Perhaps someone deliberately messing with their version string, e.g. testing the software to make sure it handles "unknown" or "future" release cases properly?
My immediate thought is that this is spoofed. I doubt anyone at Apple would be silly enough to allow software on an unannounced OS to freely send out analytic data. I expect they'd have some sort of filtering applied either right on their dev/test machines (something like Little Snitch, though surely built in-house) or at the network level.

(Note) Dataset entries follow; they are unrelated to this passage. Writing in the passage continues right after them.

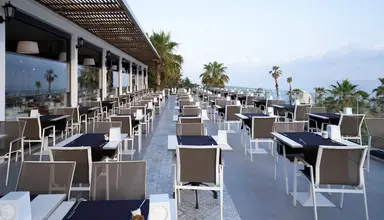 Sentido Flora Garden Beach Club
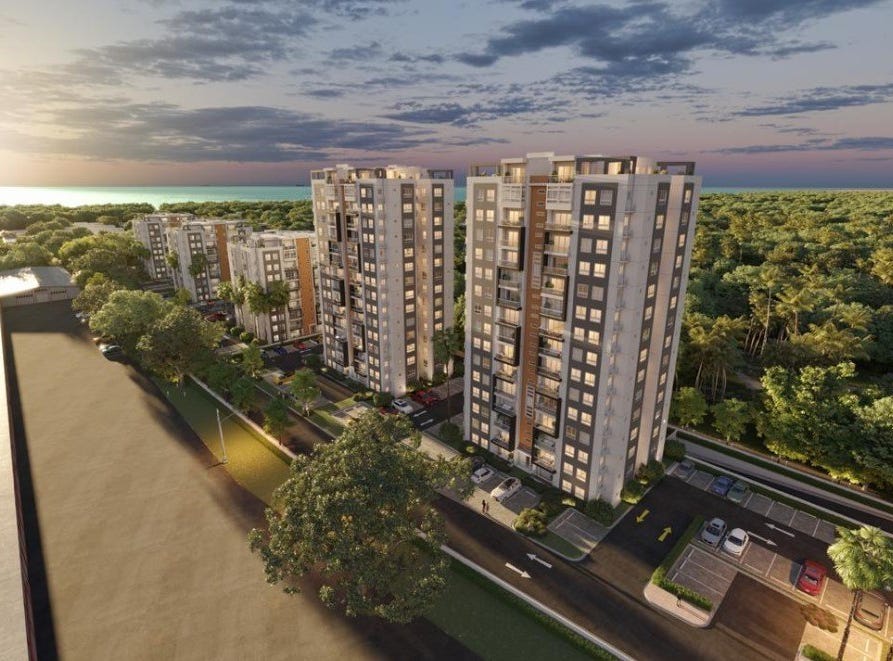 Santo Domingo Este, Dominican Republic, Santo Domingo Este, , DO, Santo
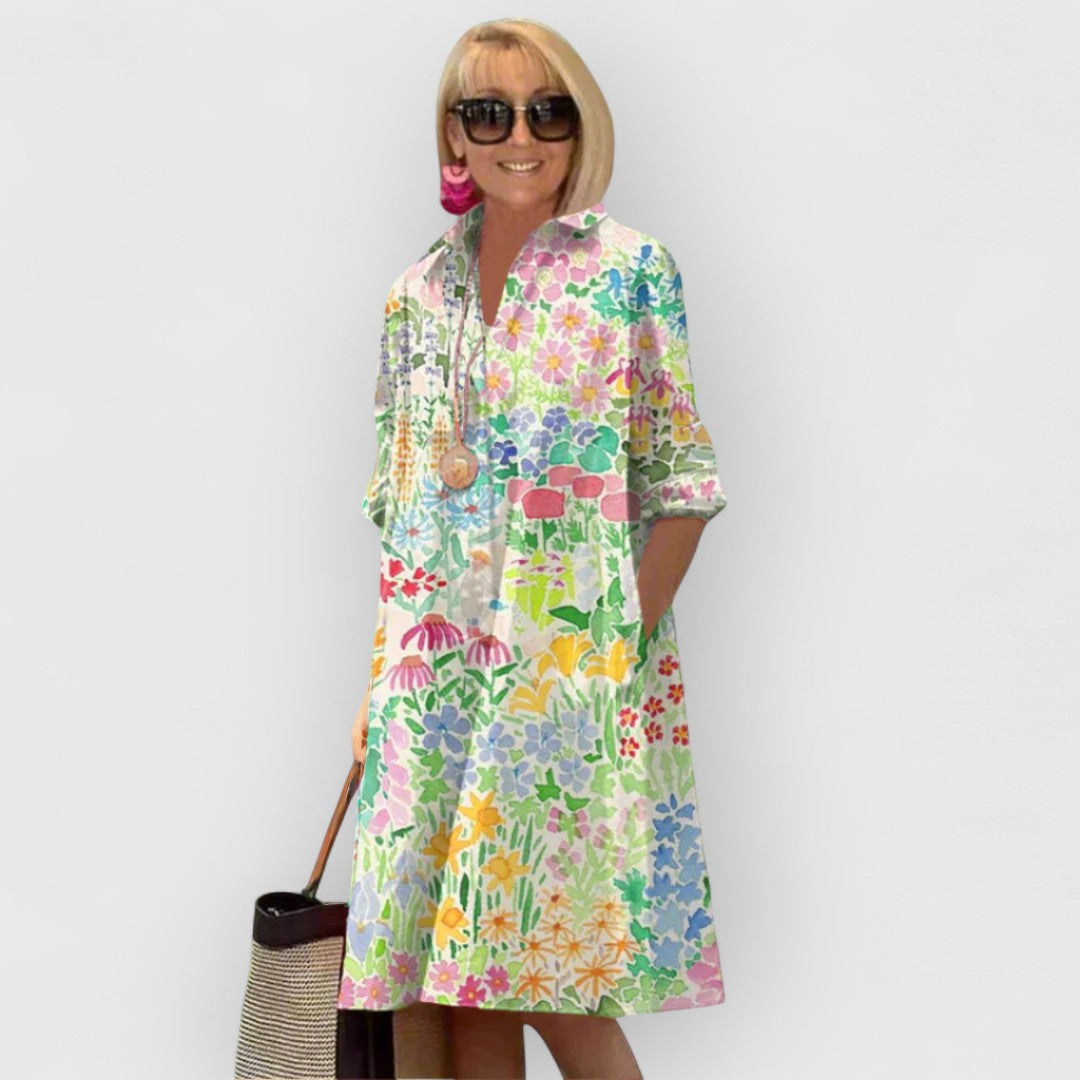 Esme™ | Chic & Comfortable Dress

> I doubt anyone at Apple would be silly enough to allow software on an unannounced OS to freely send out analytic data
...and you'd be wrong. It is very common for Apple to test its new browser versions on the public internet and for those version numbers to show up in the logs of popular Apple web sites. It's one of the ways that Think Secret could confirm that a new version was on the way.
Certainly not much if anything at all, but it's mildly interesting to note that it identifies as 10.14 and not, say, 11.0.
Anyways there is surely something strange brewing for the next macOS, as Apple has repeatedly noted that "macOS High Sierra will be the last macOS release to support 32-bit apps without compromise", without specifying what kind of "compromise" might come up (see https://developer.apple.com/news/?id=06282017a )
I think you might be reading that wrong - should be "Without compromise, macOS will discontinue support for 32-bit apps". The only compromise should be not upgrading to 10.14 and staying on 10.13.
Why would they not allow internal software send out analytics data? At this point it is common knowledge that Apple is working on a new version of OS X that will come out next year.